- **EXTRACTED RECORDS**
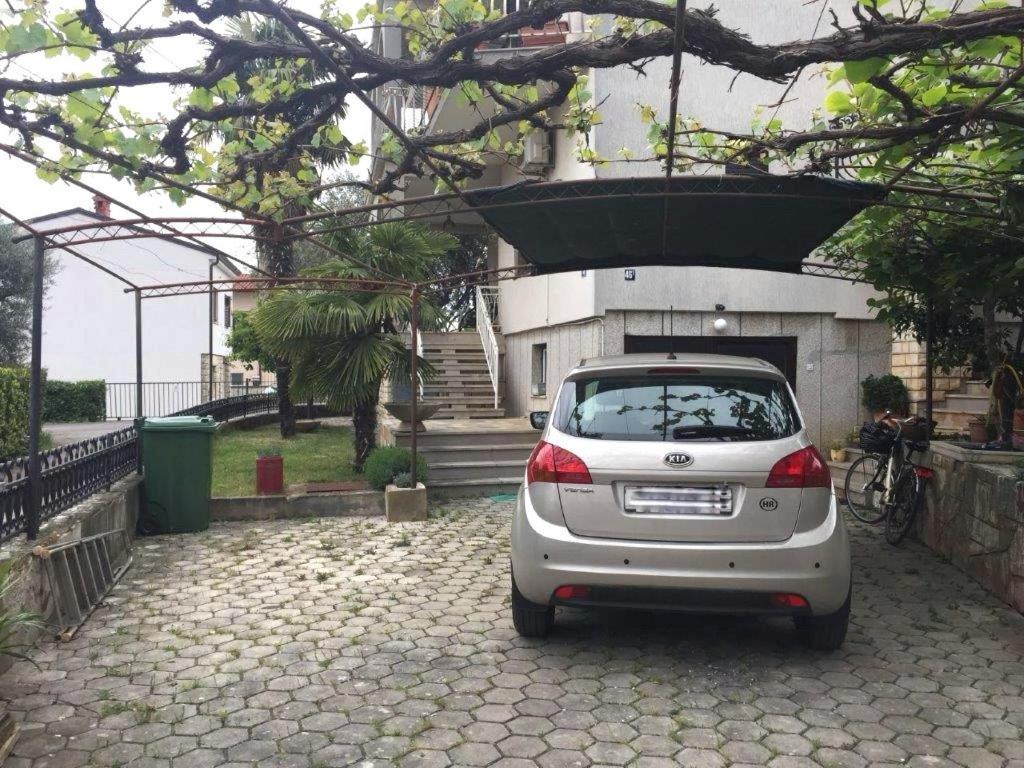 Seafront Apartment Jadri 乌马格 外观 照片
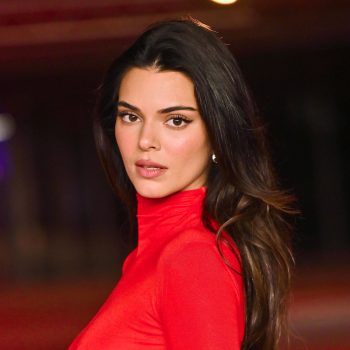 kendall-jenner-bewijst-dat-de-naked-dress-ook-in-2024-hoogtij-viert-280938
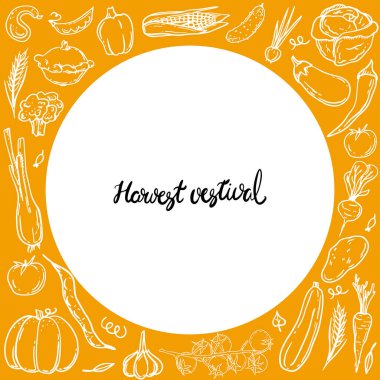 Sonbahar hasat düz taşıyıcı pankart şablonu. El çizimi harfler. Dekoratif sebze karalama skeci. Hasat toplama festivali, festival posteri, kartpostal tasarımı öğeleri kutlanıyor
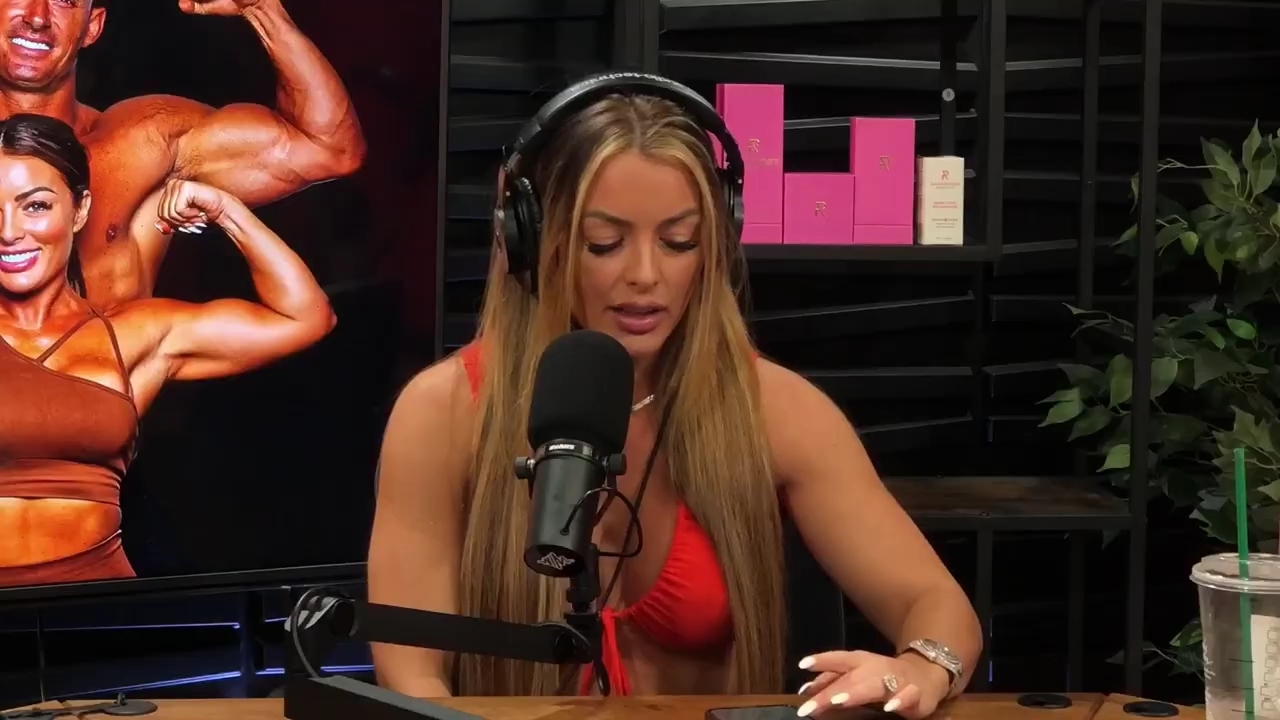 y2mate_is_-_Ep_21_-_Power_Alphas_Podcast__Behind_the_Scenes_of_the_WWE___Mandy_Saccomano___Sabby_Piscitelli-56w6yl4r2MY-720p-1711402344_mp40653.jpg
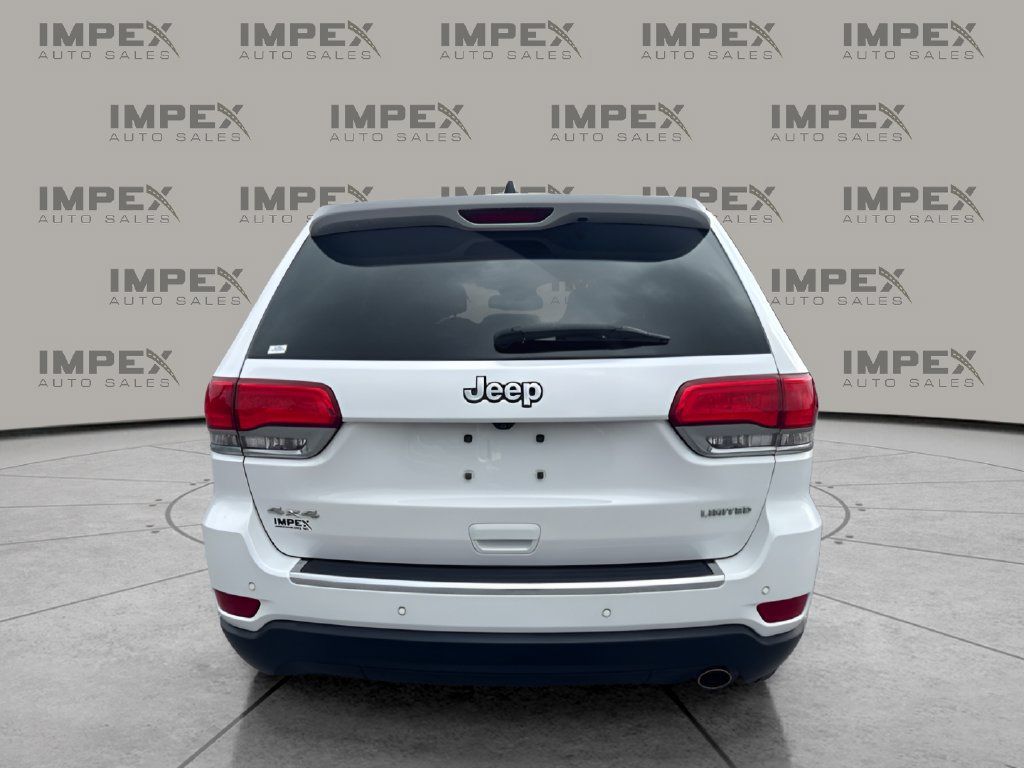 Used 2017 Jeep Grand Cherokee Limited AWD/4WD image 4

- **TASK DESCRIPTION**
All entries need repeating exactly, but without the pictures.

- **EXPECTED ANSWER**
 Seafront Apartment Jadri 乌马格 外观 照片
 kendall-jenner-bewijst-dat-de-naked-dress-ook-in-2024-hoogtij-viert-280938
 Sonbahar hasat düz taşıyıcı pankart şablonu. El çizimi harfler. Dekoratif sebze karalama skeci. Hasat toplama festivali, festival posteri, kartpostal tasarımı öğeleri kutlanıyor
 y2mate_is_-_Ep_21_-_Power_Alphas_Podcast__Behind_the_Scenes_of_the_WWE___Mandy_Saccomano___Sabby_Piscitelli-56w6yl4r2MY-720p-1711402344_mp40653.jpg
 Used 2017 Jeep Grand Cherokee Limited AWD/4WD image 4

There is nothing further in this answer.